1973年に発表されたこの数式は、この数式一本で1997年にノーベル経済学賞を受賞しました。受賞までに24年もかかっていることを思えば、すぐに理解できるものではなさそうですね。
本質はそこではなく、この数式にタイムディケイ(時間の推移による価値の減衰、Wikipedia内ではセータと表記されている)の要素が含まれている事です。

つまり、時間で価値が推移するという事は、ノーベル賞を受賞するレベルの数式で科学的に証明されている、という事がいえます。つまりこの感覚は前提に入れてしまって問題ないと考えることができるだろう。

ECとタイムディケイ

ちょっと難しい話になってしまったので、もとに戻ってきます。
最近は、リアル店舗+オンラインショップ(EC)という、いわゆるオムニチャネルのスタイルが増えてきています。小売業は店舗を減らしたり、両方を利用する事が出来るようになってきています。

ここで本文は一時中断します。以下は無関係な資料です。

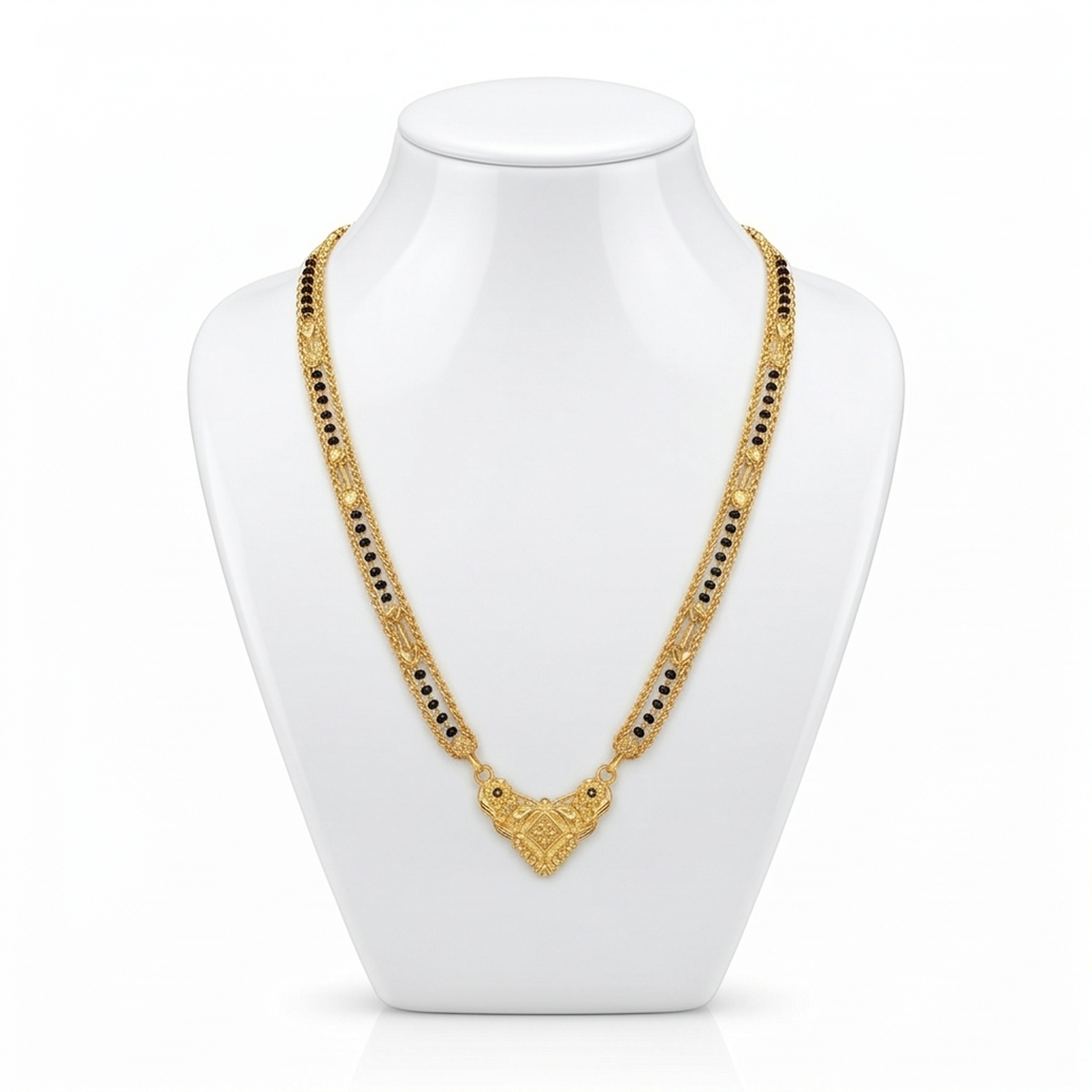 DIVYORO INTRICATE GOLD PENDANT MANGALSUTRA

この「実店舗がなくなる」ということも、価格と価値の話に密接に結びついてきます。

わかりやすくUNIQLOを例に挙げてみます。
2021年11月時点で、UNIQLOは国内に大小含めて2350店舗を展開しています。店舗の前を通ると、大きなディスプレイが目に入り、奥に天井の高さまで商品が積み上げられています。シンプルで魅力的な服は色別に並べられており、欲しいものが簡単に見つけられそうだ、と感じるわけです。
「そういえば、春物まだ買ってなかったな」と思い店舗内に足を運びます。
ここまでは従来と同じだが、この先は少し傾向が変わってきている。

春色のニットが欲しいと思ったあなたは、自分にあったサイズの物を探すが見つかりませんでした。店員に聞くと、あなたのサイズの物はネットショップ限定の商品だというのです。仕方がないので試着してサイズだけ確かめて、お店の中でネットで注文し、後日自宅に届くよう手配して店を出たのでした。

今日着る服を買っているわけではないので、後日届くことはそこまで問題ではないですものね。私たちには問題はないが、お店側には大きな違いが出てきます。

ECは売り手にとても好都合な環境

春物のニットは季節性が高いので、時間が経つと店頭に置けなくなってしまいます。一方で、従来であれば物が店頭になければ販売は出来ず、機会損失が起こってしまいます。ところが、ネットショップ限定販売という形を取れば、店舗に商品を置いていなくても販売することができるようになります。これはすごい事です。いかに素晴らしい事かを説明していきます。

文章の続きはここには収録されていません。